_Problem requirements_
Could you give back exactly the lines below from the one with "Will Code For Food Keychain" through the one with "Stunning aerial view", without a single picture?

--- Task inputs ---

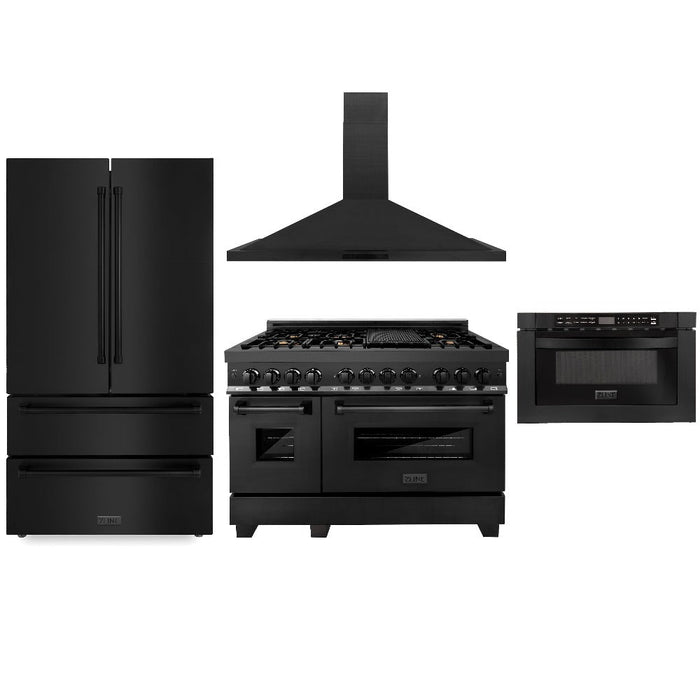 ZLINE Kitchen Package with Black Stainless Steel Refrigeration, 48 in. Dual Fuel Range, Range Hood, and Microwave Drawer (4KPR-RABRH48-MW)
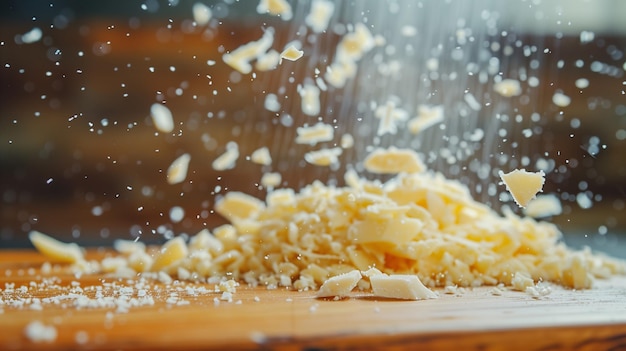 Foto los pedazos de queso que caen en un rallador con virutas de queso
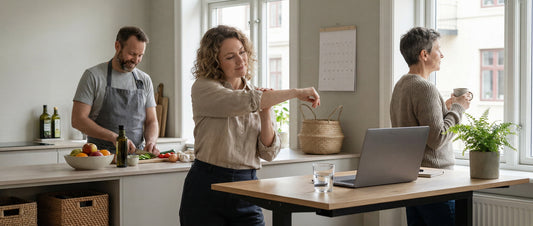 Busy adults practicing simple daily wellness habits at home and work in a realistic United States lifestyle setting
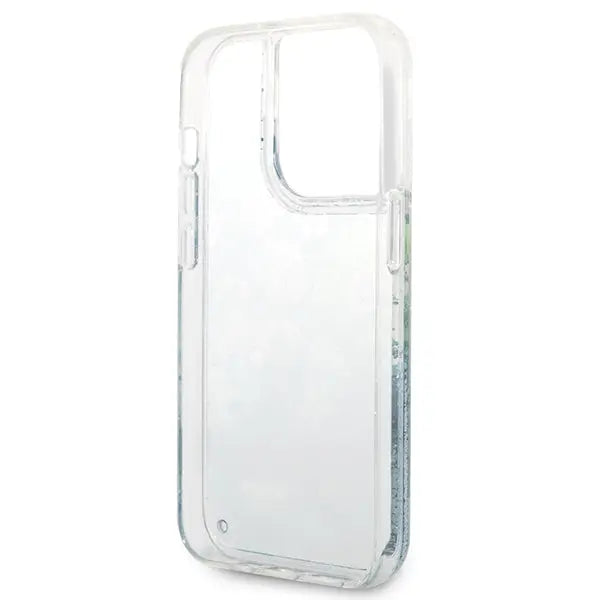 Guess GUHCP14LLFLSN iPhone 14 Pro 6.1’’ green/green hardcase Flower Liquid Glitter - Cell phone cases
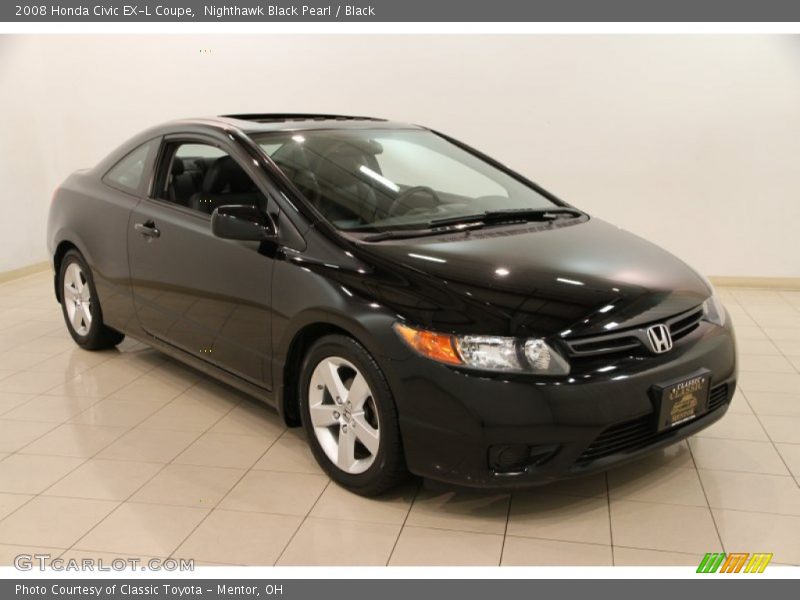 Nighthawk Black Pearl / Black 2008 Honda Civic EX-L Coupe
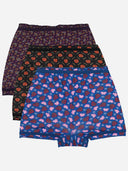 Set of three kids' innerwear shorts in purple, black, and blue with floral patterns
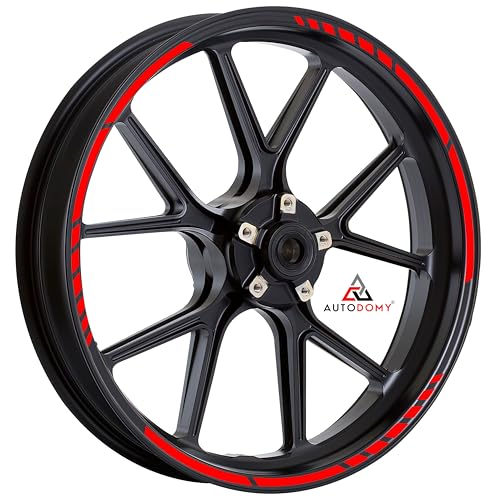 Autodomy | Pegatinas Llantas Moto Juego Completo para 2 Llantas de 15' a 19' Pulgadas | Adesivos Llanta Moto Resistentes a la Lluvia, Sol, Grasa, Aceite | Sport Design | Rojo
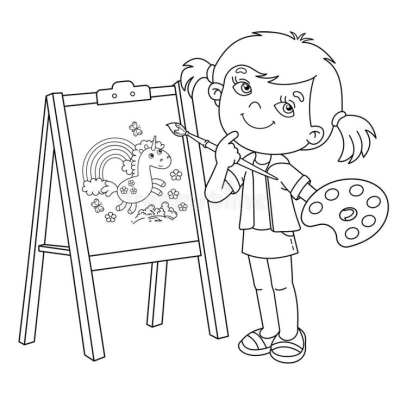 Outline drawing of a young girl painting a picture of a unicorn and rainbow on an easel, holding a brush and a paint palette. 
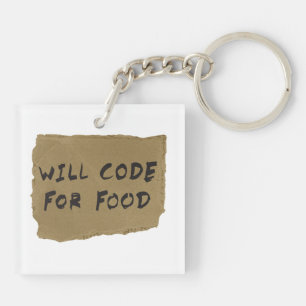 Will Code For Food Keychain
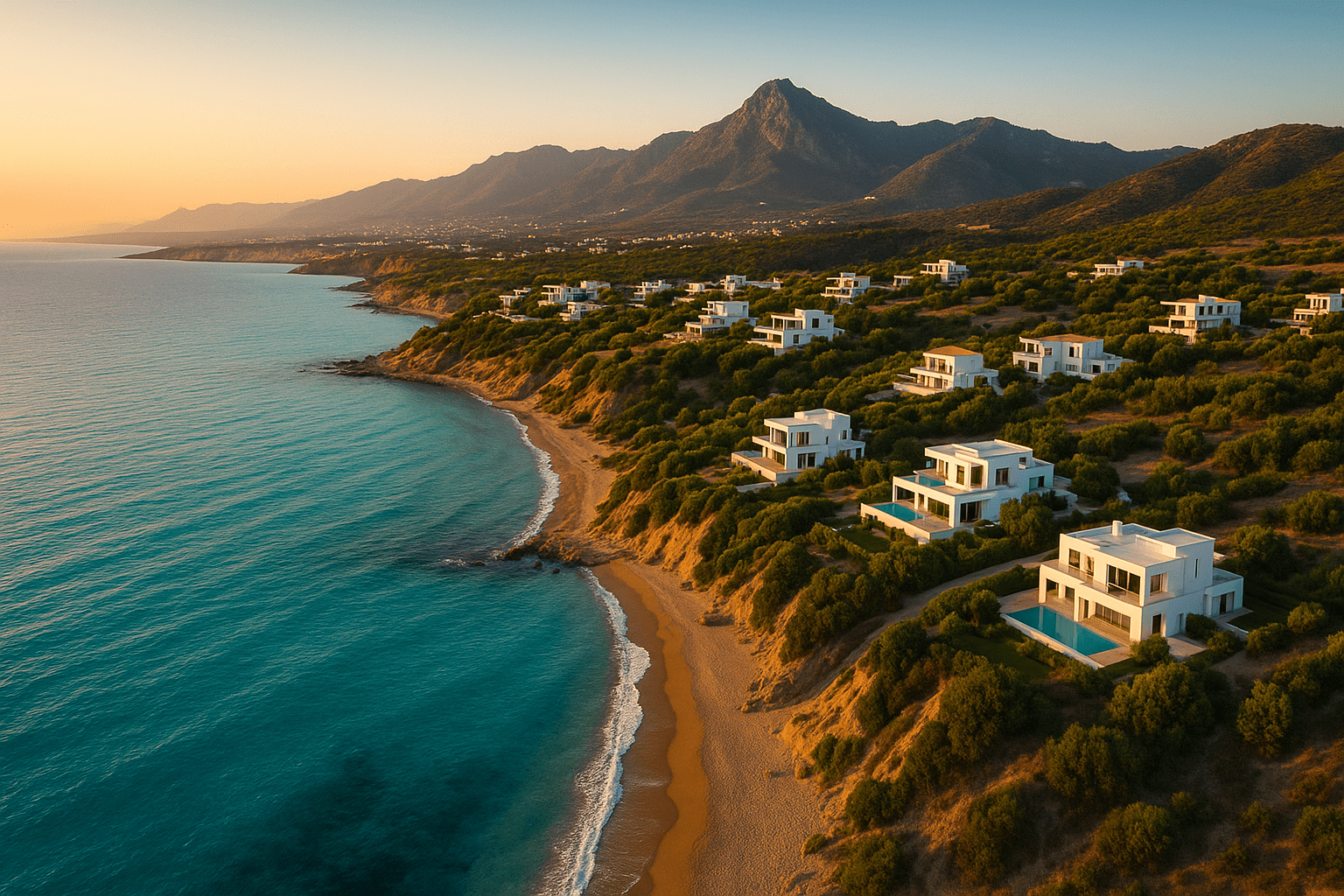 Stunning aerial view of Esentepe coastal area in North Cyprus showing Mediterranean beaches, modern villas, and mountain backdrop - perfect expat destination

---
--- Task inputs ---

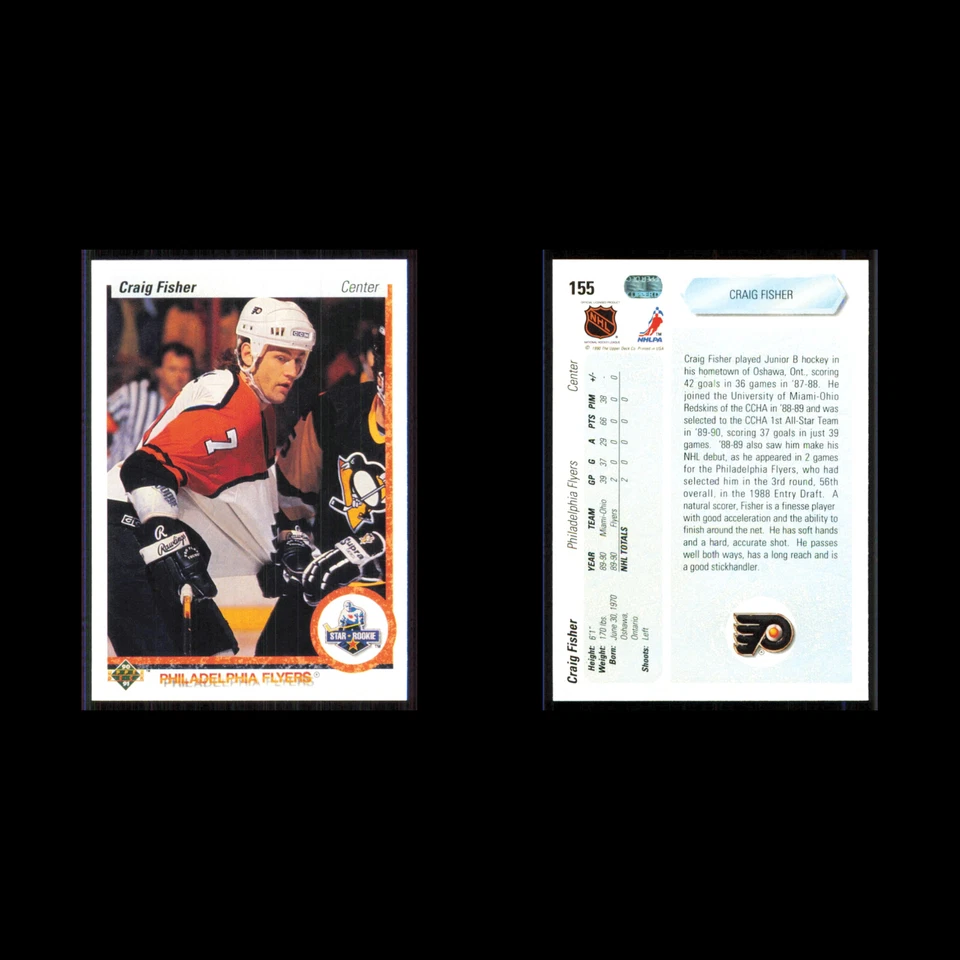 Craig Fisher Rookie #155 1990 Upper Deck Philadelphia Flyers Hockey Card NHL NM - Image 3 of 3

---
--- Task inputs ---

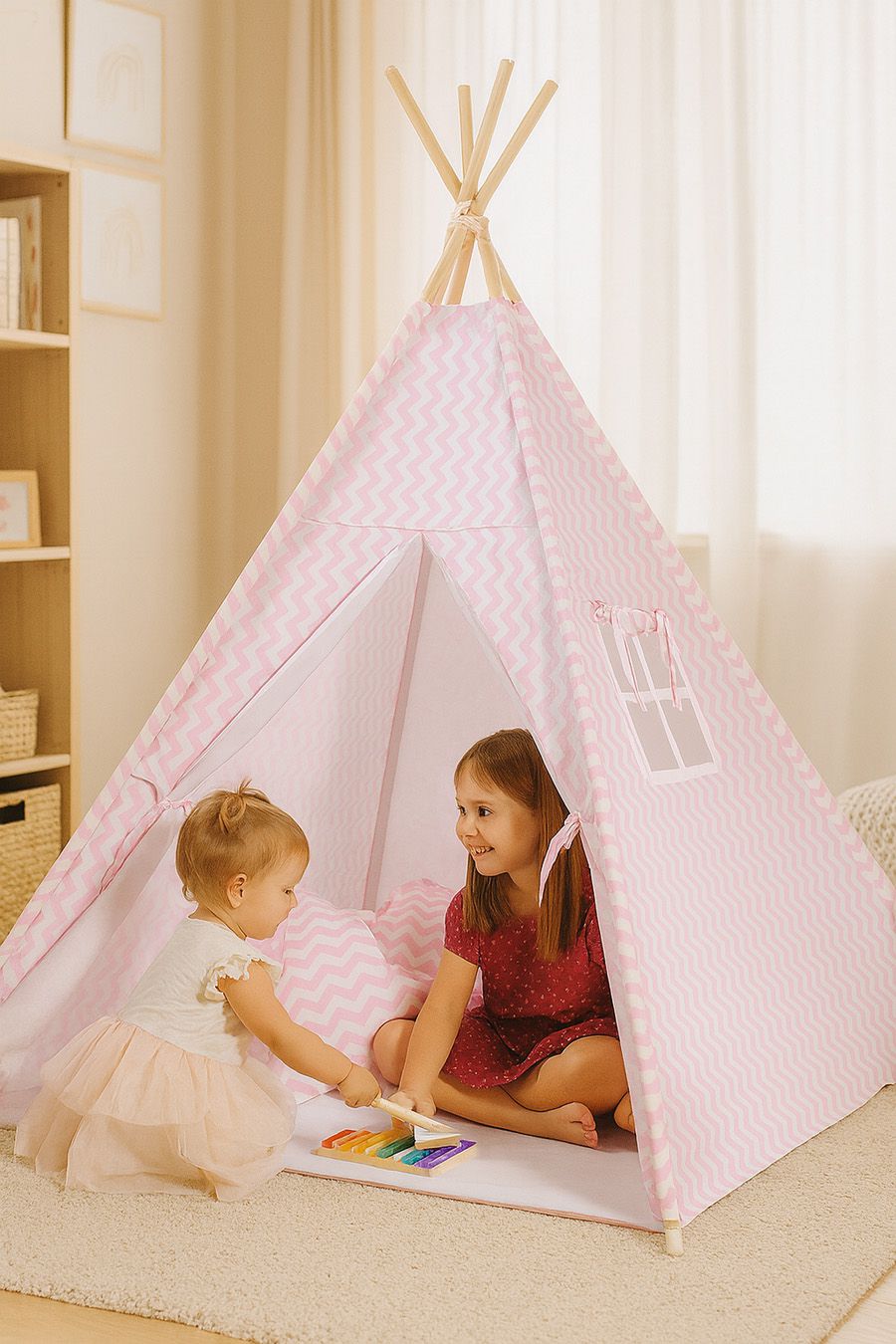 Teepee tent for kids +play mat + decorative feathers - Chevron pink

---

_Result for this task_
 Will Code For Food Keychain
 Stunning aerial view of Esentepe coastal area in North Cyprus showing Mediterranean beaches, modern villas, and mountain backdrop - perfect expat destination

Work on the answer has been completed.